Just curious as to the tongueing technique most of you use while playing. The whistle is still somewhat new new to me & I find that while playing various whistles I tongue differently on each one. On some I actually touch the tip of my tongue on the tip of the mouthpiece & sometimes on the roof of my mouth. Mainly depends on how large the opening of the airway is. If it’s larger I tongue using the roof of my mouth.
I “tongue” according to Hammy Hamiltons book “like a underdeveloped cough” or a guttural ‘UH’ When i read it, it clicked for me, and that is what works/sounds best for me by far.
Tonguing by touching your tongue to the windway entrance will increase the moisture buildup in the windway itself, which is not desirable.
Recorder players use a vast range of tonguing consonants, sometimes combined as words, played as if saying the consonant without vocalisation. The most common is a soft d. Because of the way a lot of whistles (and some recorders) are voiced, hard tonguing (using t or k) will tend to introduce chiff into the note - a short unfocused transient sound at the start of the note - which you may or may not like.
Whistle technique is very different from recorder technique, and the recorder is designed for very different kinds of music, but I think any whistle player could probably benefit from reading a good book on recorder technique (like Anthony Rowland-Jones’ books), just as a lot of what Quantz has to say about playing the flute is germaine to music making in general.

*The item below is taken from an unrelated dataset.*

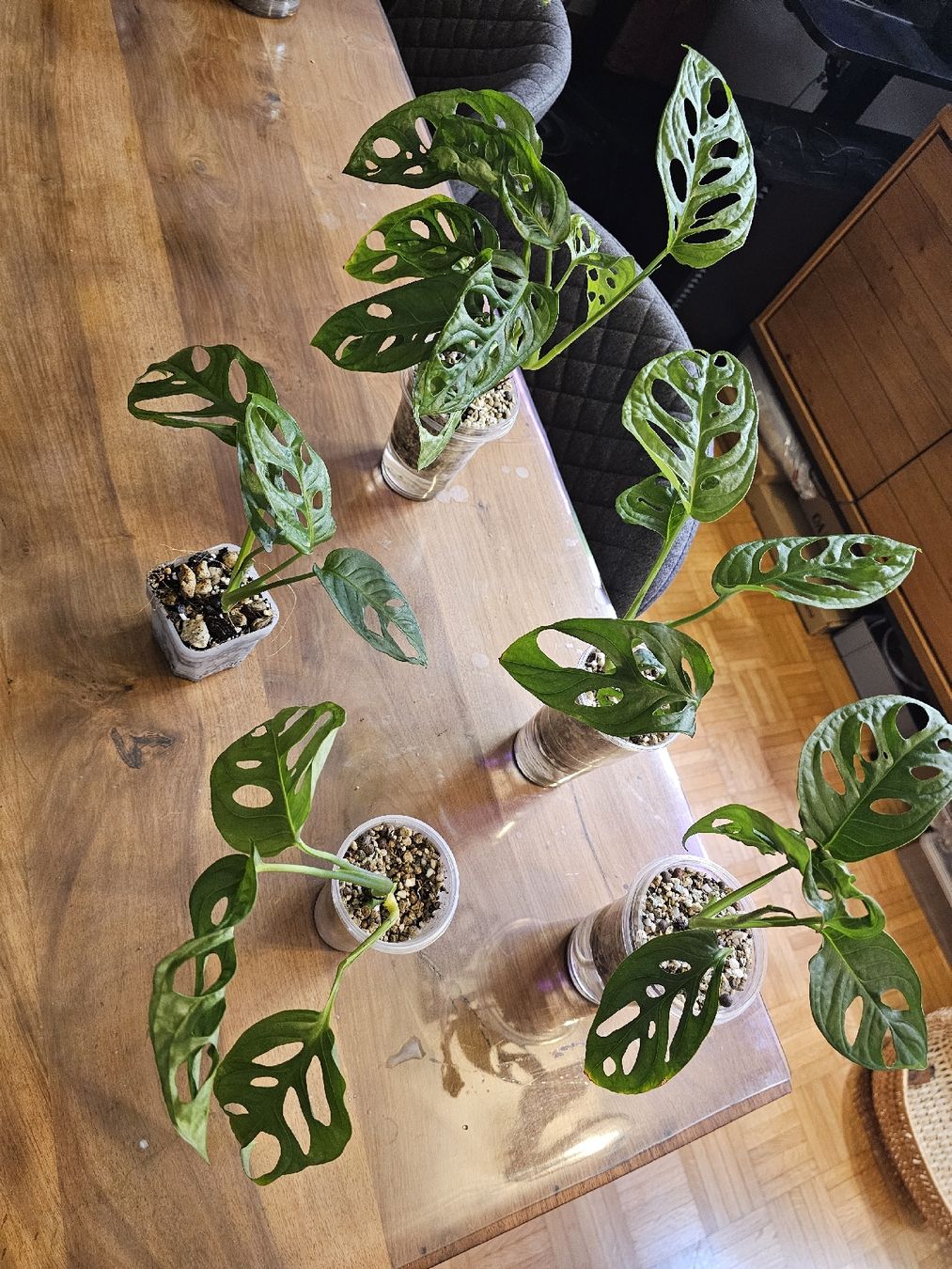 Piante & sementi: Monstera Adansonii Jungpflanze – Nuovo (secondo la descrizione) da Utzenstorf venduto da Dac_mk 2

As far as I know, the glottal “throating” technique Mr. Blackwood mentions is unique to Irish music - is that right?
Brother Steve’s thoughts;
http://www.rogermillington.com/siamsa/brosteve/tonguing.html
As I said in another thread … If there’s a technique that’s possible, you’ll find someone using it.
I think Bro Steve has it about right, and KTM, too.
Variants of TA/DA tonguing will cover 90% of your basic ITM whistle tonguing needs. Add HA breath push to begin phrases and glottal stops to end phrases, and you’ve got much of the rest.
For softening, I sometimes alter the TA to something approaching a palatalized “CH” sound, or something akin to a Welsh “LL” or Nahuatl “TL”.
I suspect that Hammy was discussing the coughing articulation - throating - in the context mainly of flutes, not whistles. It works well on flute, particularly for huffy-puffy. On whistle, not so much IMO. In fact, it usually sounds to me like a flute player trying to play whistle like a flute, rather than approaching the instrument on its own terms.
KTM, you know that I tend to draw a very bright line between whistle and recorder as different beasts. But I agree that studying the classical articulation techniques can be useful, or at least interesting. After all, Irish trad style has roots in baroque art music.
Thank you to everyone for all the great input. I checked out the Brother Steve site & found it very informative. As I mentioned in my first post I seem to have a different technique depending on which whistle I’m playing.